Directed by: Alexandre Arcady
Country: France
Country: France
Movie Review: Algerian-born French director, producer and co-writer, Alexandre Arcady, probes the real incidents that devastated a Parisian Jewish family in 2006. The case was known as ‘The Affair of the Gang of Barbarians’, where 27 people were tried for kidnapping, torture, and consequent death of a modest cell phone salesman, Ilan Halimi, who died 24 days after his capture by a ruthless gang that operated both in France and Ivory Coast. At the time, the case shocked France since anti-Semitism and financial reasons were proved to be on the basis of the crime. Zabou Breitman impersonates Ruth Halimi, the disconsolate mother, who after introducing herself, starts narrating how her beloved son suddenly fell in the hands of a gang whose leader, Youssouf Fofana aka Django, became the negotiator of the ransom. Ilan was conducted to his aggressive captors by a mysterious beautiful woman who met him at his store. The family decides to follow the police advice: not to pay the ransom and negotiate with the unscrupulous leader of the gang, who becomes more and more impatient, as well as discredited in the eyes of his accomplices due to the impasse created.
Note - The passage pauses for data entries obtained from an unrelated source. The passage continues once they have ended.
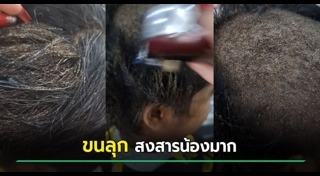 เหา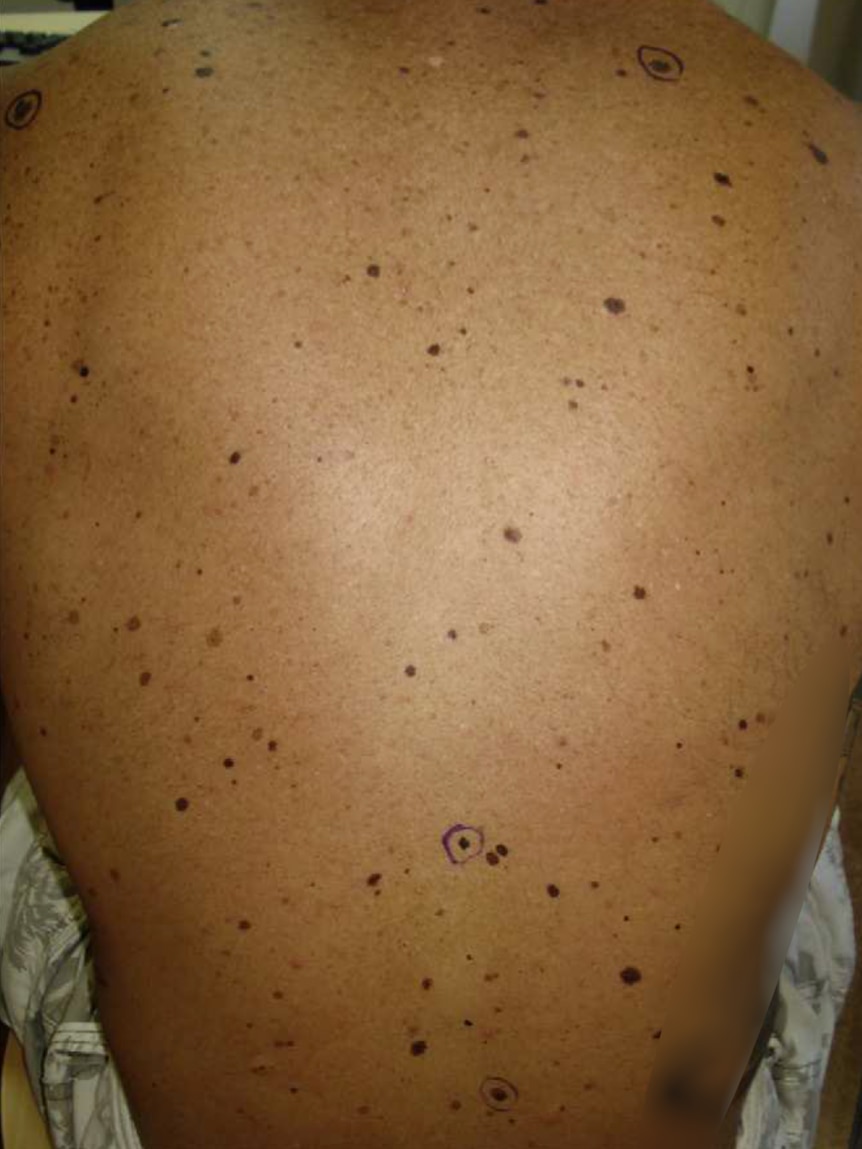 tanning injections melanotan fail Dermatologists are warning against the viral Barbie drug (Melanotan II/MTII), saying the unregulated peptide can come with side effects like nausea, facial flushing, sexual side effects, and even injection-site abscesses Melanotan What It Is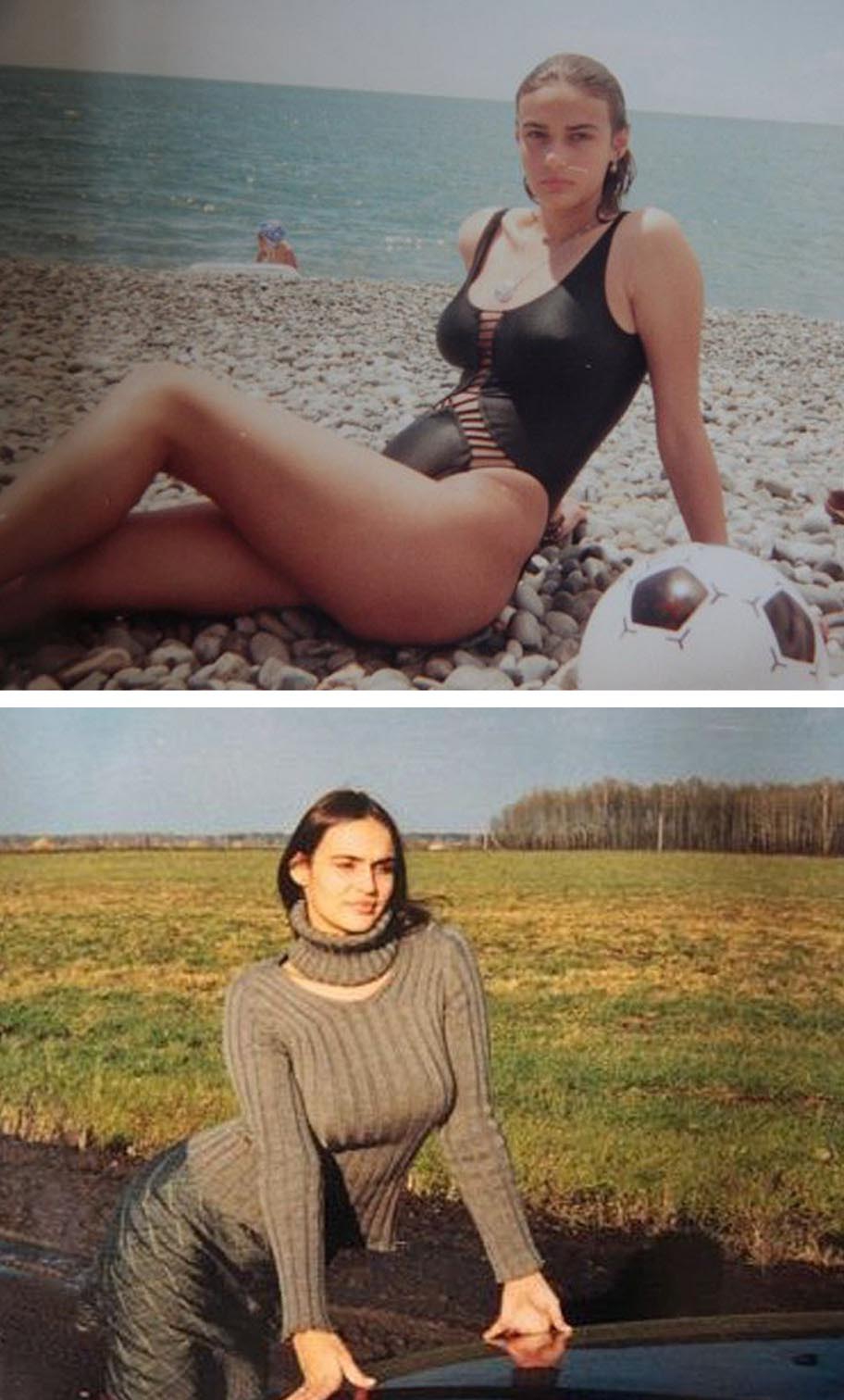 Алена Водонаева до и после пластики, фото телеведущей
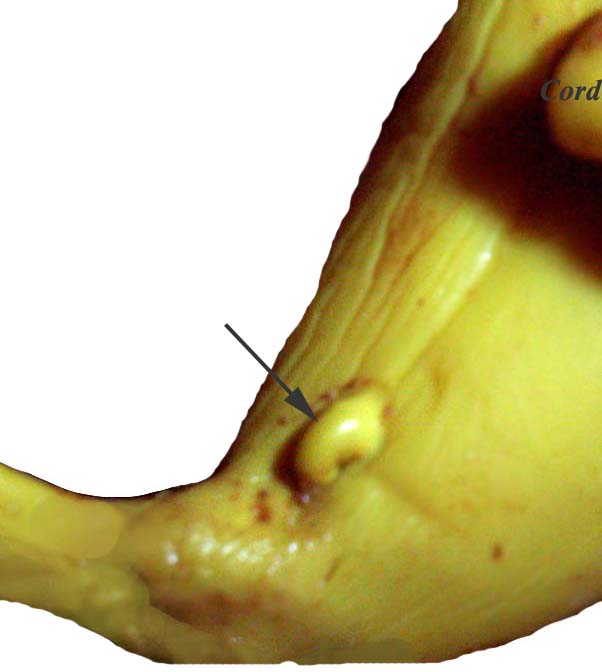 Tail portion of fetus with the remarkably prominent clitoris at arrow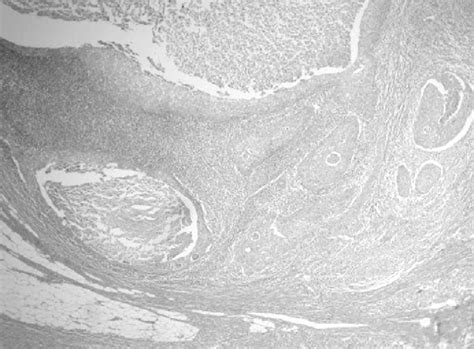 Figure 1 From A Pure Primary Squamous Cell Breast Carcinoma Presenting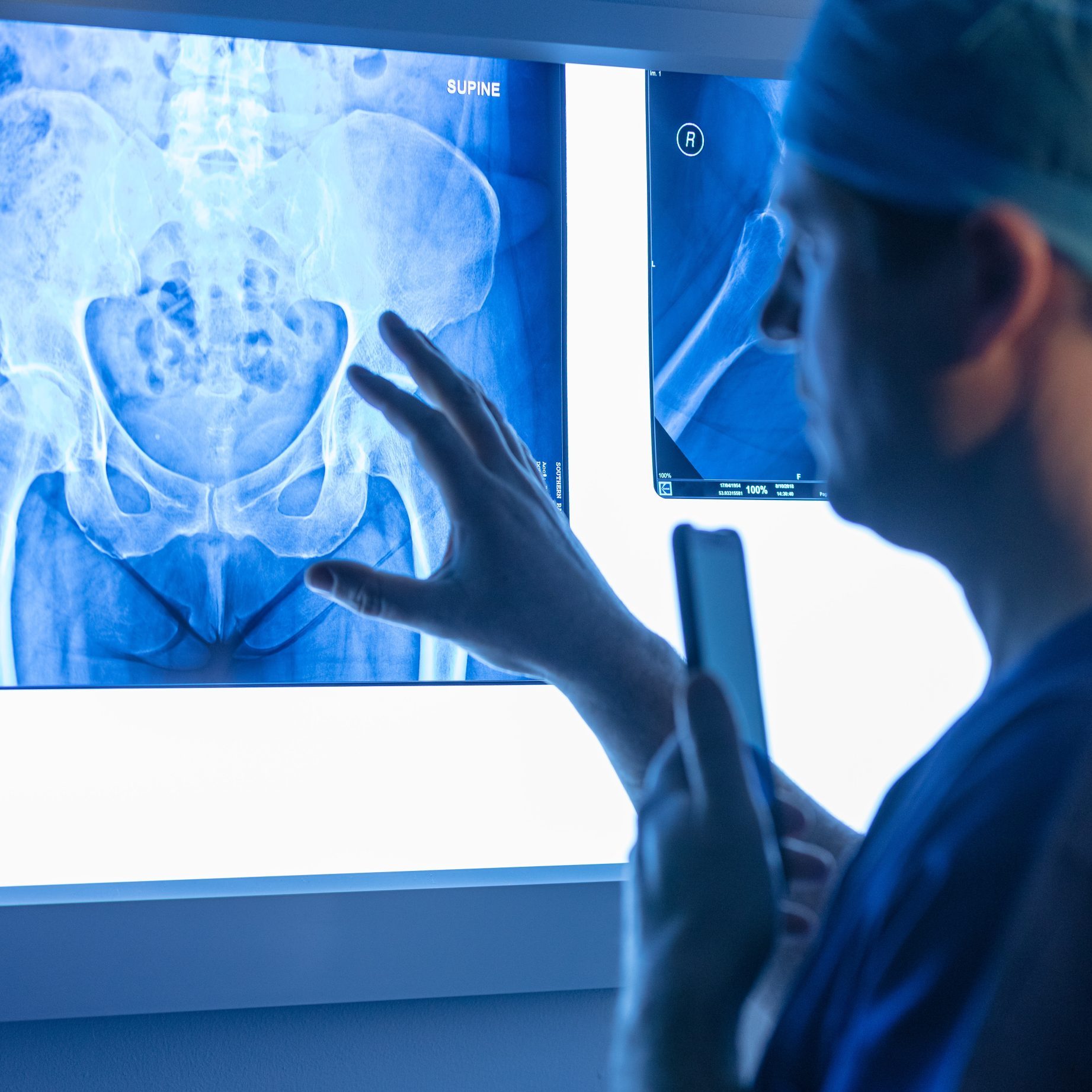hip joint relevant to resurfacing surgery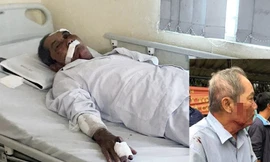 Cụ ông 80 tuổi nhập viện sau khi bị hành hung.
False suspects and clues, descriptions that don’t match at all, and a bunch of threatening phone calls, most of them to Ilan’s father, Didier (Pascal Elbé), consume some time until taking us somewhere. The film is not devoid of tension, passing some of the anxiety to the viewer. It doesn’t reinvent the formula, but its narrative doesn’t compromise either, in spite of some repetitive basic procedures and circumstantial overdramatic scenes. Generally speaking, Mr. Arcady maintains the film controlled, and even if it’s not a great thriller, “24 Days” provides an acceptable fact-based reconstruction of a shameful operation.